__Task description__
For the data below, give again exactly the lines from the one containing "LUXSUSNÍ DÁMSKÁ KABELKA - LOVE MOSCHINO - 7" through the one containing "CAT 906H, Hjullastare", both ends included, and no others.

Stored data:
____

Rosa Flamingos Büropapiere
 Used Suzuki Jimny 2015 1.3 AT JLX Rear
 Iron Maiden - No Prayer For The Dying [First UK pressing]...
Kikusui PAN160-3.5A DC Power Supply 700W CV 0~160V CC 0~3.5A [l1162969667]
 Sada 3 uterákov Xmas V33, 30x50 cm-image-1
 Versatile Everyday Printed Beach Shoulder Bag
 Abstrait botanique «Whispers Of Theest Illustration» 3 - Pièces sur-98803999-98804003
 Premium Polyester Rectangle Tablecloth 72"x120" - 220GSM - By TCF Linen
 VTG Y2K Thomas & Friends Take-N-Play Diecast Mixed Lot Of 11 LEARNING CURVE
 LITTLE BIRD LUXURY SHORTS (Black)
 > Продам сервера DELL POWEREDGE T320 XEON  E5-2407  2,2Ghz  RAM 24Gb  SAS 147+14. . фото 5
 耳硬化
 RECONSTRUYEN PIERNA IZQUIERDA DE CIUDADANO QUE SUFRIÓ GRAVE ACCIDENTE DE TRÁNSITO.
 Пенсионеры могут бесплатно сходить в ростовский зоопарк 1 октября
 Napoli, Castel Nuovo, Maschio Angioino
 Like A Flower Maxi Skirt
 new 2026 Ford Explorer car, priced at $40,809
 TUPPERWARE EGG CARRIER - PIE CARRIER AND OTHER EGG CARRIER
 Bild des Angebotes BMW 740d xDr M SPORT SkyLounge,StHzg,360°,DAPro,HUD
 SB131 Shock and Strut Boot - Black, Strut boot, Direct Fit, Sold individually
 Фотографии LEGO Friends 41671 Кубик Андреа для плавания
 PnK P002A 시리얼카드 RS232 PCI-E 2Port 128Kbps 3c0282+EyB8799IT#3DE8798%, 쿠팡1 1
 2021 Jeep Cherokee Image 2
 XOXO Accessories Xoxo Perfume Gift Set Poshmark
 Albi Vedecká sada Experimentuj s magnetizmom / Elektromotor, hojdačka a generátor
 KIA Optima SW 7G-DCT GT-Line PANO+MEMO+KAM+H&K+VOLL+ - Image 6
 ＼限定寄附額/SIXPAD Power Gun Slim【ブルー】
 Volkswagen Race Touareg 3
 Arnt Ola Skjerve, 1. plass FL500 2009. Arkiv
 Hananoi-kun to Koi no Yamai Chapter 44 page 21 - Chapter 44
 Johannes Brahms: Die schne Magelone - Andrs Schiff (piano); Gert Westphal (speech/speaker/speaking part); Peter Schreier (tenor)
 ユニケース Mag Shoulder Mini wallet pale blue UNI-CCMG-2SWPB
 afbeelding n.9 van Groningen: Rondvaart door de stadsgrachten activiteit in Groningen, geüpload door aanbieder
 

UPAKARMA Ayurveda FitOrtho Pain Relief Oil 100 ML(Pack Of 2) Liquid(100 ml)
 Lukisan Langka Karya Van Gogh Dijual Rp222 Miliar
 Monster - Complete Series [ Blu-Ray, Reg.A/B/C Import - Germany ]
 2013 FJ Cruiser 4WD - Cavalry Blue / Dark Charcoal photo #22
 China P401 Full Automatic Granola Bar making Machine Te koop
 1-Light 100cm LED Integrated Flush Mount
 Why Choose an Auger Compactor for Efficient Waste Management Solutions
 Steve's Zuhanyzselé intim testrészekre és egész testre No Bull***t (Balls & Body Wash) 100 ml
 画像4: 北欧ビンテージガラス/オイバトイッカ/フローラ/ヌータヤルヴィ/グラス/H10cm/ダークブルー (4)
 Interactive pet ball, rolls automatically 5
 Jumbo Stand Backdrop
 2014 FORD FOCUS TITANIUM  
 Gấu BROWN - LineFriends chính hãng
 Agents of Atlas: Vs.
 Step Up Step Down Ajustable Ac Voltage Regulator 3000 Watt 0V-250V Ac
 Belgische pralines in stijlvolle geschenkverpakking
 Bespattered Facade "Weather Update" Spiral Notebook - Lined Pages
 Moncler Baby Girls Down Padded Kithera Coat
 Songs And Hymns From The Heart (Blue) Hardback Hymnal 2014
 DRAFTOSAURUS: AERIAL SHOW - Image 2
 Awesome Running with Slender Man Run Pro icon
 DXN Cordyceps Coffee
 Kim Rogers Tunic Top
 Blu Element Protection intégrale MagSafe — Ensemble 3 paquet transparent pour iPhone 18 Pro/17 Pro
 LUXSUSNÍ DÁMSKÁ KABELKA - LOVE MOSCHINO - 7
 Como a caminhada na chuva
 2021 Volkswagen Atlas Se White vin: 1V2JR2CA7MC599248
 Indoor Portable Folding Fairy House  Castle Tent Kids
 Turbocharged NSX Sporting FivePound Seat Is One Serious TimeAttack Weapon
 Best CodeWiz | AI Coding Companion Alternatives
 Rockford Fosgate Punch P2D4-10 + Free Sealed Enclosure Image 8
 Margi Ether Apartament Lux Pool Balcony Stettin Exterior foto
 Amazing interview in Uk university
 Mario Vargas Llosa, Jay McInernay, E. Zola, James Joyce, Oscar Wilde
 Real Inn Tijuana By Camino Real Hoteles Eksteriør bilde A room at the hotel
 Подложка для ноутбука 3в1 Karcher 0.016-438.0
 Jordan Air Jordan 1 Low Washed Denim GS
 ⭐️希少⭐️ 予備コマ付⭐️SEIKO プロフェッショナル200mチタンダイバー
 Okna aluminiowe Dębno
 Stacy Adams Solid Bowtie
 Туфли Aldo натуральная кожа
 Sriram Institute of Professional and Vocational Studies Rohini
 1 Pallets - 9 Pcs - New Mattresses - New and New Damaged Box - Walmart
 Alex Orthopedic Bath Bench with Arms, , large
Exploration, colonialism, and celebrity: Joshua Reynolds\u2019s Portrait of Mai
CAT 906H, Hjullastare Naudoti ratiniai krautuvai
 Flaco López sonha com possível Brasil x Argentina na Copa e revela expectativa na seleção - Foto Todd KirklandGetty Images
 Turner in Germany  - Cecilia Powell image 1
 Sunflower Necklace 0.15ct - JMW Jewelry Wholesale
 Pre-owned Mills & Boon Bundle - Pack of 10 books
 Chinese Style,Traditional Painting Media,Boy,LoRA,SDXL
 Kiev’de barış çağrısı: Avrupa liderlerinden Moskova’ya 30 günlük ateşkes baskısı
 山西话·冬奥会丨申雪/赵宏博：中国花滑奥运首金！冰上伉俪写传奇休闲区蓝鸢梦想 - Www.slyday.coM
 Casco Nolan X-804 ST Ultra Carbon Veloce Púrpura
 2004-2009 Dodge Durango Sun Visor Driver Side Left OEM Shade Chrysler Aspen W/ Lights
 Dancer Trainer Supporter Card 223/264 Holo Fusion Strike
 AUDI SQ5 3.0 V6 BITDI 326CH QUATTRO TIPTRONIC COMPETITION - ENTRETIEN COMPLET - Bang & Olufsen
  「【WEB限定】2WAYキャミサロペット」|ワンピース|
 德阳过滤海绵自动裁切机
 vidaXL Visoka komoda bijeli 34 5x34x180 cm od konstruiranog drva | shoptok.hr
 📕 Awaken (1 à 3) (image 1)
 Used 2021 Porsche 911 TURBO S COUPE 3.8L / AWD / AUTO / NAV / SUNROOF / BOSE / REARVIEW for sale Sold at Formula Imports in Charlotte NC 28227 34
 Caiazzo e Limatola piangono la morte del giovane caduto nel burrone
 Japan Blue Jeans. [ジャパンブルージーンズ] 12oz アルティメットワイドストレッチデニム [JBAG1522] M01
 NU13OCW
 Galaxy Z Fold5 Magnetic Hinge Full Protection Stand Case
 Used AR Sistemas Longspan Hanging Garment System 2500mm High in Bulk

____

__Solution for this exercise__
 LUXSUSNÍ DÁMSKÁ KABELKA - LOVE MOSCHINO - 7
 Como a caminhada na chuva
 2021 Volkswagen Atlas Se White vin: 1V2JR2CA7MC599248
 Indoor Portable Folding Fairy House  Castle Tent Kids
 Turbocharged NSX Sporting FivePound Seat Is One Serious TimeAttack Weapon
 Best CodeWiz | AI Coding Companion Alternatives
 Rockford Fosgate Punch P2D4-10 + Free Sealed Enclosure Image 8
 Margi Ether Apartament Lux Pool Balcony Stettin Exterior foto
 Amazing interview in Uk university
 Mario Vargas Llosa, Jay McInernay, E. Zola, James Joyce, Oscar Wilde
 Real Inn Tijuana By Camino Real Hoteles Eksteriør bilde A room at the hotel
 Подложка для ноутбука 3в1 Karcher 0.016-438.0
 Jordan Air Jordan 1 Low Washed Denim GS
 ⭐️希少⭐️ 予備コマ付⭐️SEIKO プロフェッショナル200mチタンダイバー
 Okna aluminiowe Dębno
 Stacy Adams Solid Bowtie
 Туфли Aldo натуральная кожа
 Sriram Institute of Professional and Vocational Studies Rohini
 1 Pallets - 9 Pcs - New Mattresses - New and New Damaged Box - Walmart
 Alex Orthopedic Bath Bench with Arms, , large
Exploration, colonialism, and celebrity: Joshua Reynolds\u2019s Portrait of Mai
CAT 906H, Hjullastare Naudoti ratiniai krautuvai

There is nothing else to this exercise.